During the holidays, I am reminded of how my daughter expressed her wishes during the holiday season when she was 10 years old. This is the story of my daughter’s determination–and of how her parents handled it.
We lived in a wonderful home in Honolulu. We celebrated Hanukkah. We lit the Menorah for eight nights. We did not have a Christmas tree. My daughter was heartbroken. She wanted a tree, like her friends up and down the street. We explained why there would be no tree and we taught her the story of Hanukkah. We did not give in.
But this darling daughter of mine did not give in either! She was determined. The first year she took family pictures of us out of family albums and taped them on the wall on our porch in the shape of a Christmas tree. That night we lit the Hanukkah candles. We told our daughters stories and sang Hanukkah songs and passed around little gifts while the Christmas-shaped family collage loomed over our shoulders! We allowed her to leave her creative tree taped to the wall.

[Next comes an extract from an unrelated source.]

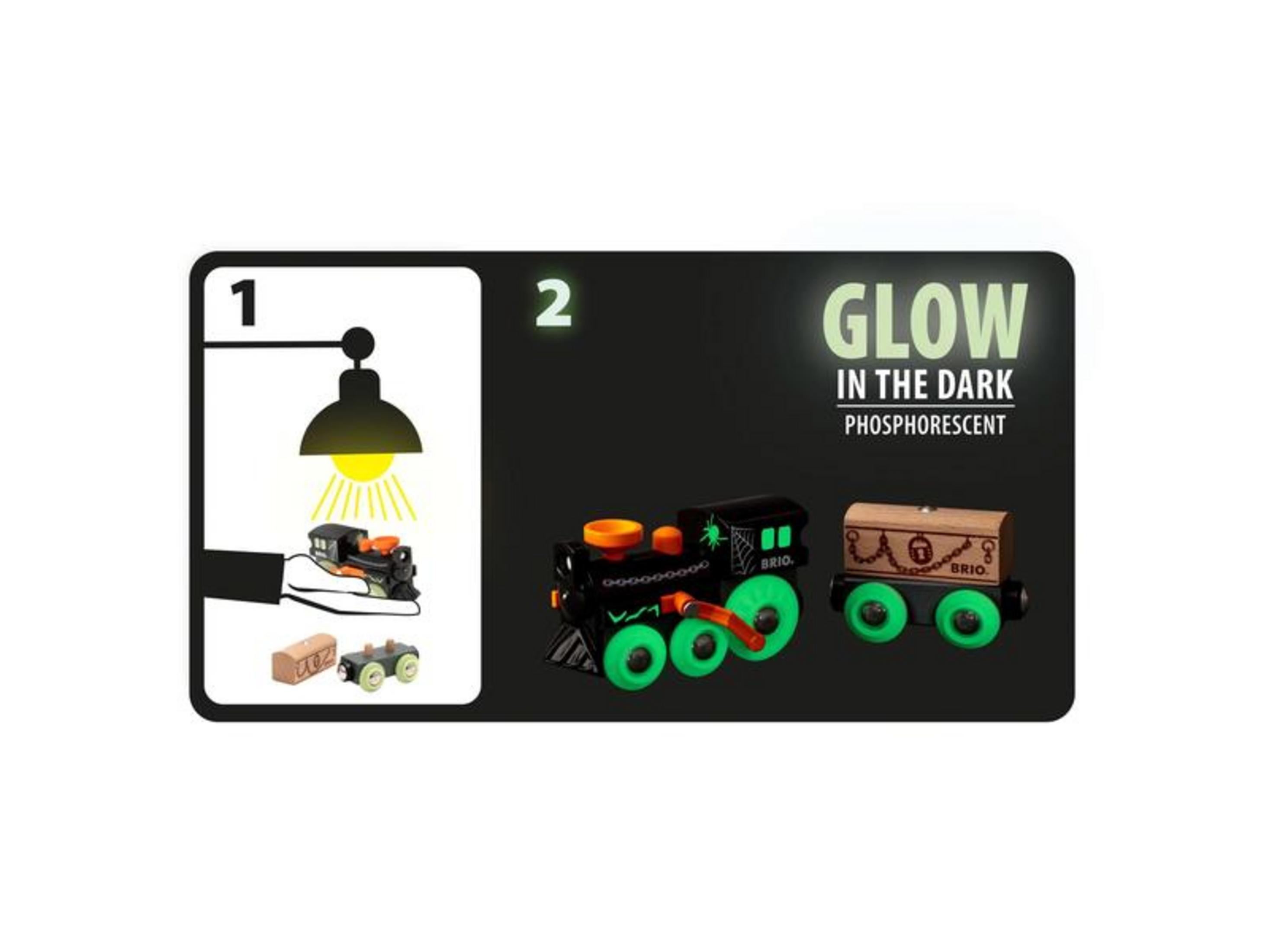 Czarny pociąg zabawka z zielonymi kołami i drewnianym wagonem.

The next year, I drove into our driveway and noticed through our windows twinkling lights in red and green and white blinking on and off, on and off! Walking into our home I saw that this daughter of mine had lit up our large trees in the living room with Christmas lights! I smiled to myself and thought my how my daughter’s determination and spunk are still at play… great qualities if channeled properly.
What did her father and I say? What would you say? Again, we went through the tradition of lighting our Menorah, telling stories and passing out little presents–adding there would be no Christmas tree–but allowing the tree lights to twinkle.

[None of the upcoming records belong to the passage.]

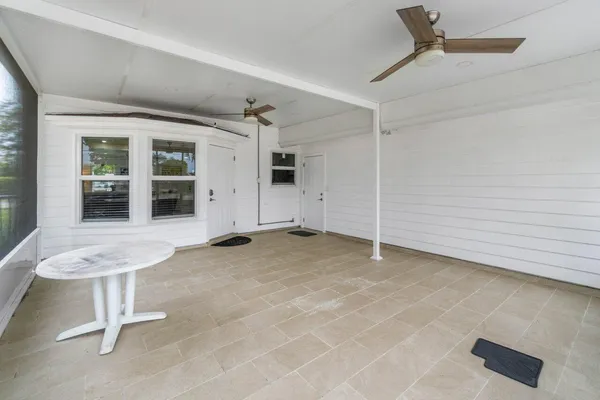 $5,300 | 2233 Dock Street, West Palm Beach, FL 33401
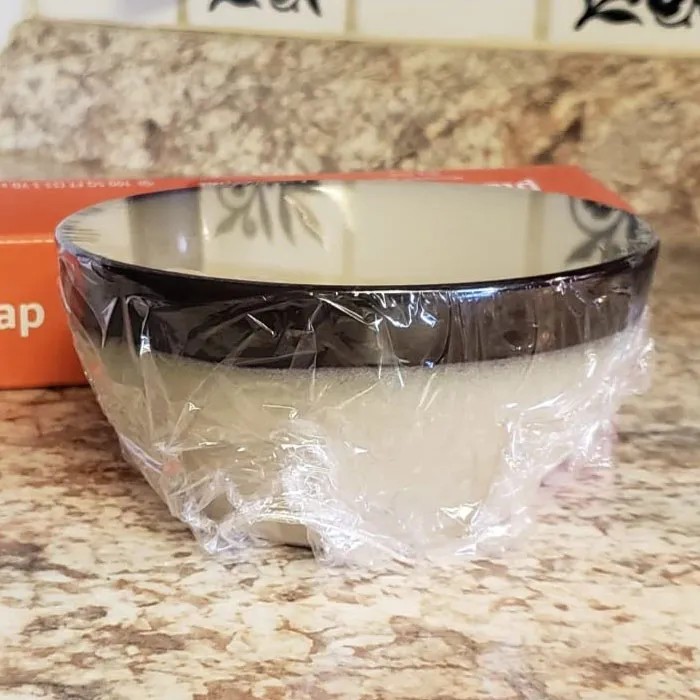 Your Leftovers Deserve Better Than Clingy Plastic, So Wrap Them In The <a Style="Display:inline;" Href="Https://Www.amazon.com/Reusable-Beeswax-Food-Wrap-Wraps/Dp/B0834pnlld?ie=utf8&linkcode=ll1&tag=bporca-20&linkid=6af1b10a30c808dfe7d5942d17785eec&language=en_us&ref_=as_li_ss_tl" Target="_blank"><span Style="Font: Inherit; Color: #d74b1f;"> Wax Wrap For Food </Span> That’s Way Cooler (And Eco-Friendlier) Than Plastic Wrap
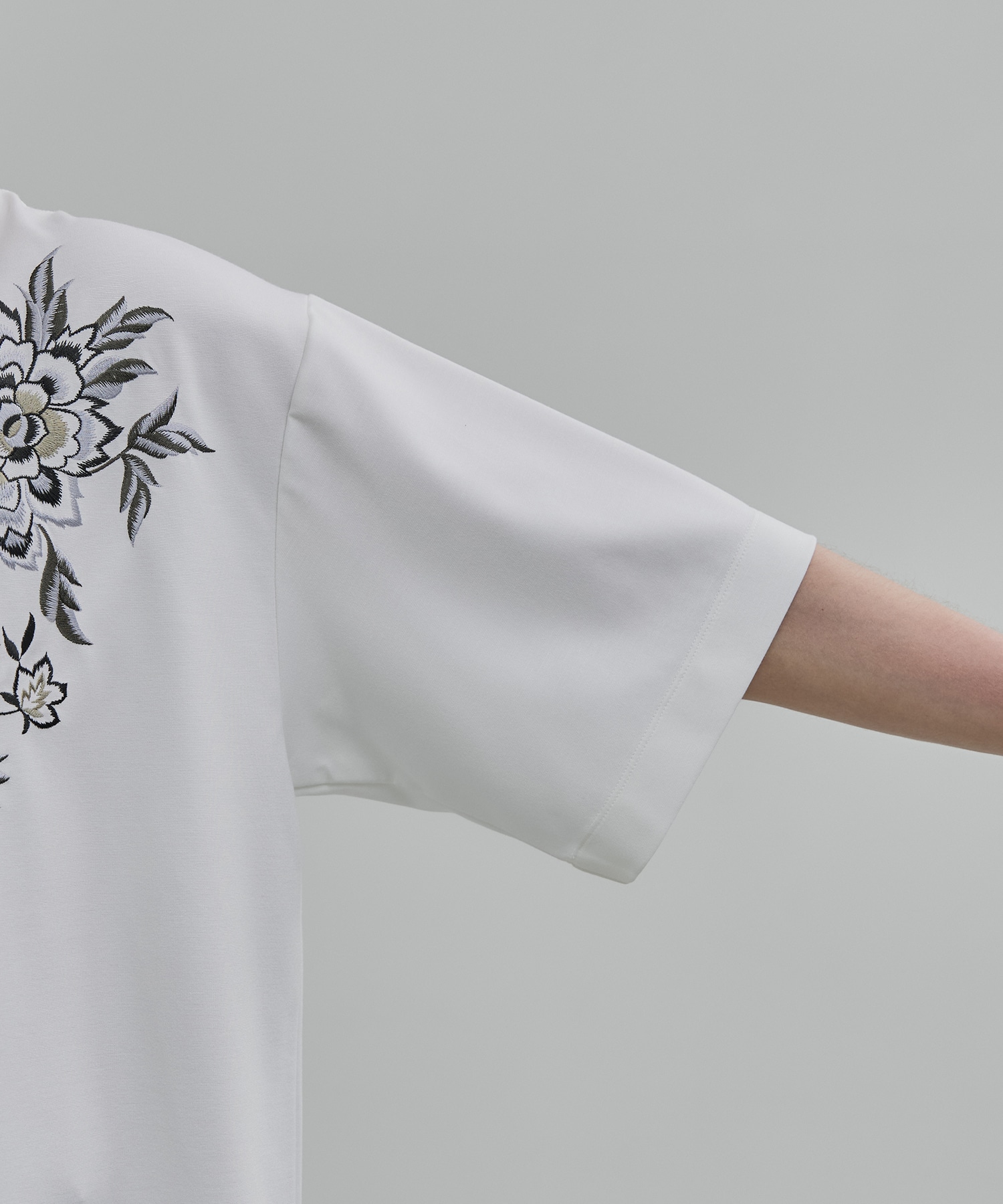〈新発売〉フラワーエンブロイダリーTee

The third year I noticed nothing at the holidays until I went upstairs to tuck her into bed and kiss her good night. And what did I see? A tiny, live Ch
ristmas tree on her nightstand, all lit up and aglow! I smiled to myself. This daughter of mine would get through life with her determination. I sat down and again stressed the importance of our tradition and the pride she should feel for her religion and family history. I left her room with her little tree next to her side, never asking her to remove it from its special place. The next year there was no tree!

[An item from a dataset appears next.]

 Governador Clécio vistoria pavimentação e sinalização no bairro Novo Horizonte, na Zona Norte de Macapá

My determination as her mother was to be her teacher in a positive manner. Through positive reinforcement of her religion, she would eventually choose her path. Her determination, which was a great part of her being, was not dampened. She is now the mother of five and the Menorah is lit at Hanukkah.
Grammas, it is far better to use sugar rather than vinegar when stressing important points to our grandchildren!! That is a great value.
Do something GOOD today: Keep your own faith while respecting others.